(DATA TO EXAMINE Opens)
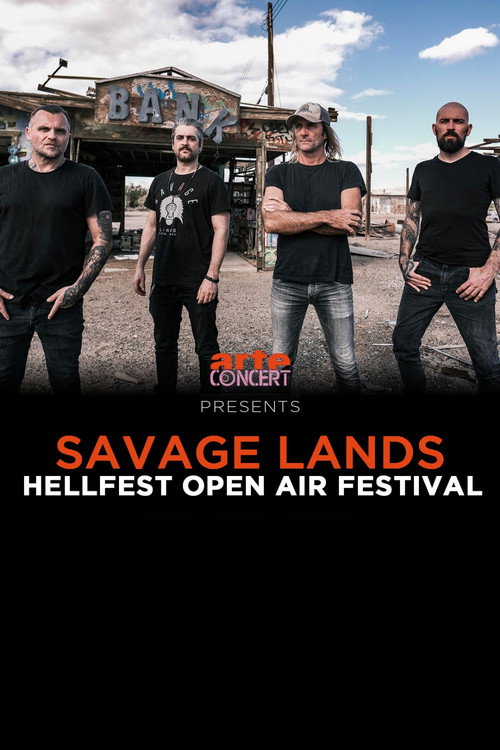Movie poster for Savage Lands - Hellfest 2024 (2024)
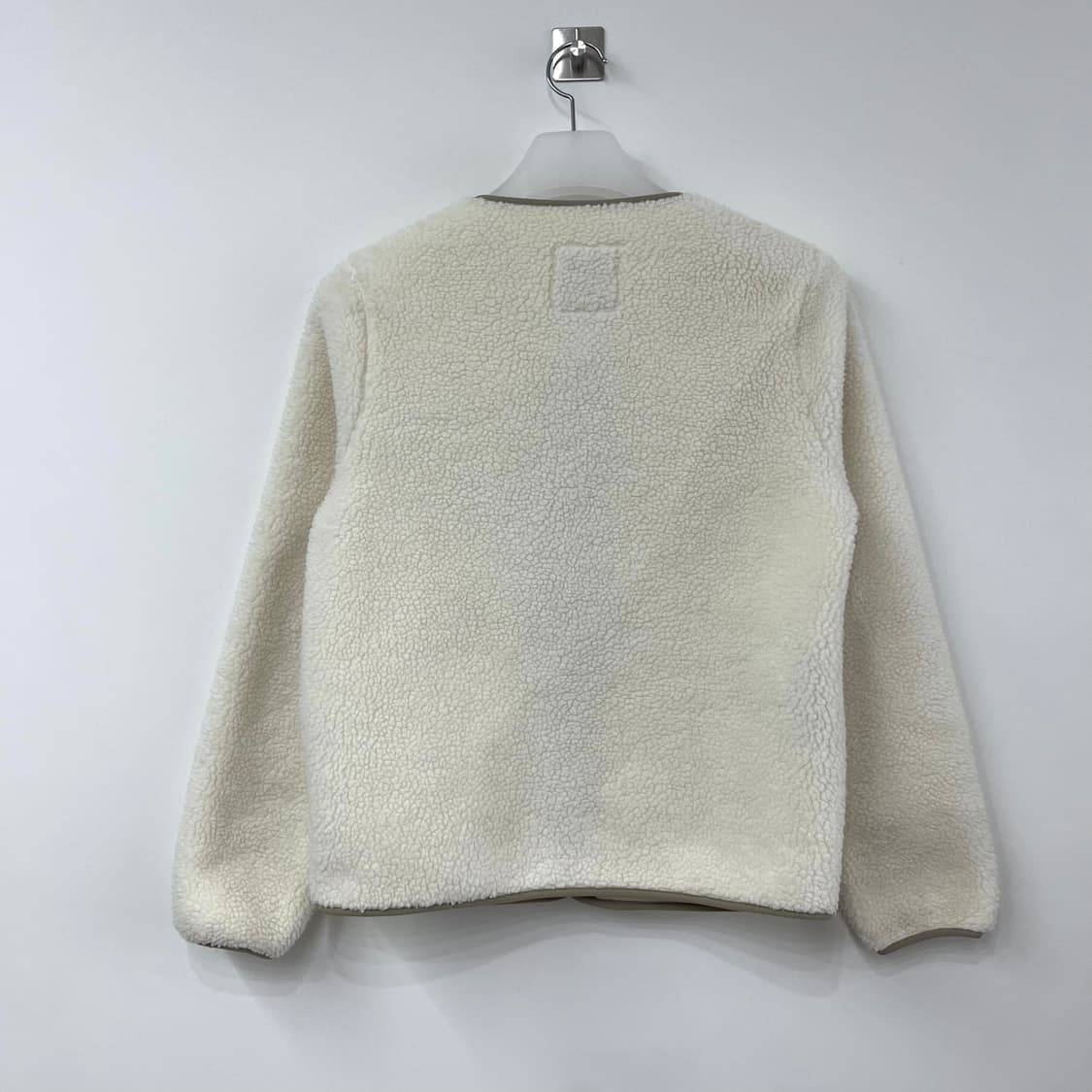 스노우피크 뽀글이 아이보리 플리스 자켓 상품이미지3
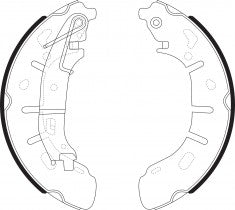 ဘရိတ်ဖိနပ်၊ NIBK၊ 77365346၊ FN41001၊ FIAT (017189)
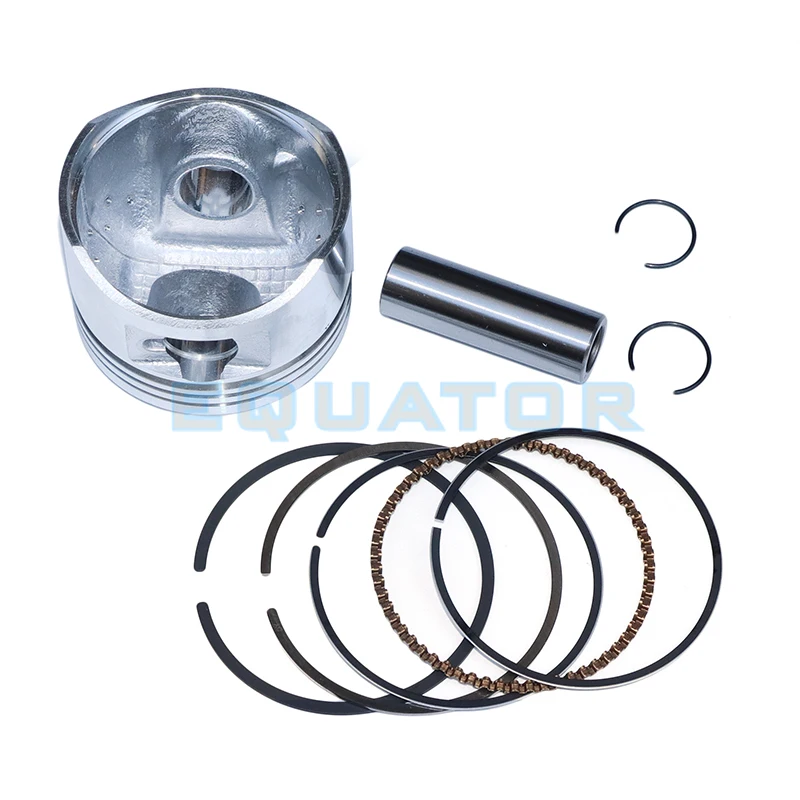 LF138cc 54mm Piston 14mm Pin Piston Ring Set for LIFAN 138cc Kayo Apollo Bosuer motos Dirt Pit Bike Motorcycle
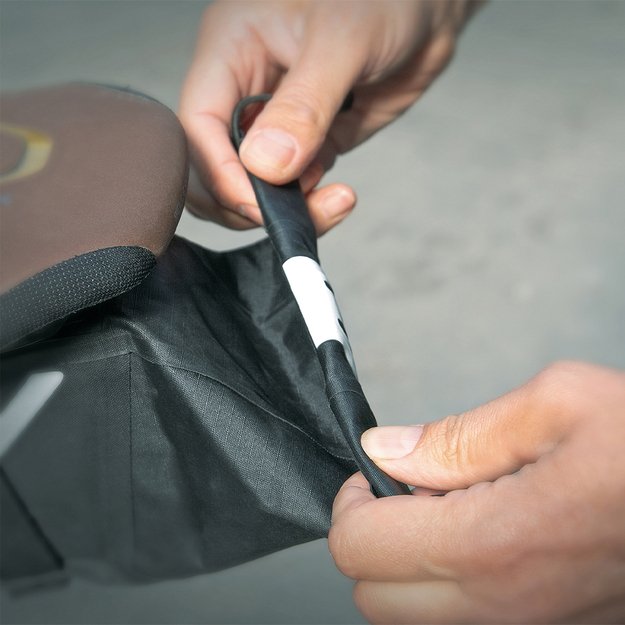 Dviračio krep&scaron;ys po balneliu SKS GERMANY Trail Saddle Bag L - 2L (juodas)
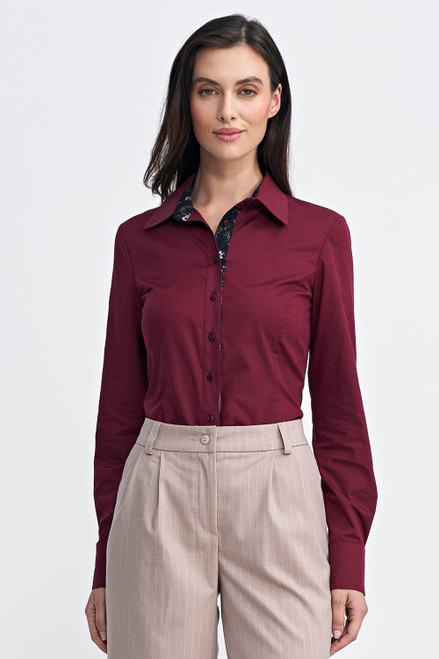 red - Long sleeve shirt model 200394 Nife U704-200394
(DATA TO EXAMINE Closes)
(DATA TO EXAMINE Opens)
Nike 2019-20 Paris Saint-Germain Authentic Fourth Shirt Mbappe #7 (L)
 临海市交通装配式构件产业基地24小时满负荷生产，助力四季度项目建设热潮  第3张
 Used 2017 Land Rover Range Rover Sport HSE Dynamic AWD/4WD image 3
(DATA TO EXAMINE Closes)
(DATA TO EXAMINE Opens)
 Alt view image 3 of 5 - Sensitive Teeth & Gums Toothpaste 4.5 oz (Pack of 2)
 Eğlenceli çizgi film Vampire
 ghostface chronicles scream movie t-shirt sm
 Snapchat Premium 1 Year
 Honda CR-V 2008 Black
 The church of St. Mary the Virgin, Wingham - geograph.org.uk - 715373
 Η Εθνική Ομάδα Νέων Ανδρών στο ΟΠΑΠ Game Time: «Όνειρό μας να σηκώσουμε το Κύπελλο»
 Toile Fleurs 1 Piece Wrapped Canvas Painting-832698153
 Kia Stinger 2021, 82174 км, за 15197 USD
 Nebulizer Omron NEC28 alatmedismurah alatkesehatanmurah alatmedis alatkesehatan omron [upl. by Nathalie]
(DATA TO EXAMINE Closes)
ABOUT THIS TASK: Looking at the records above, return exactly the lines from the line with "The church of" to the line with "Nebulizer Omron NEC28", both ends included.

YOUR RESPONSE:
 The church of St. Mary the Virgin, Wingham - geograph.org.uk - 715373
 Η Εθνική Ομάδα Νέων Ανδρών στο ΟΠΑΠ Game Time: «Όνειρό μας να σηκώσουμε το Κύπελλο»
 Toile Fleurs 1 Piece Wrapped Canvas Painting-832698153
 Kia Stinger 2021, 82174 км, за 15197 USD
 Nebulizer Omron NEC28 alatmedismurah alatkesehatanmurah alatmedis alatkesehatan omron [upl. by Nathalie]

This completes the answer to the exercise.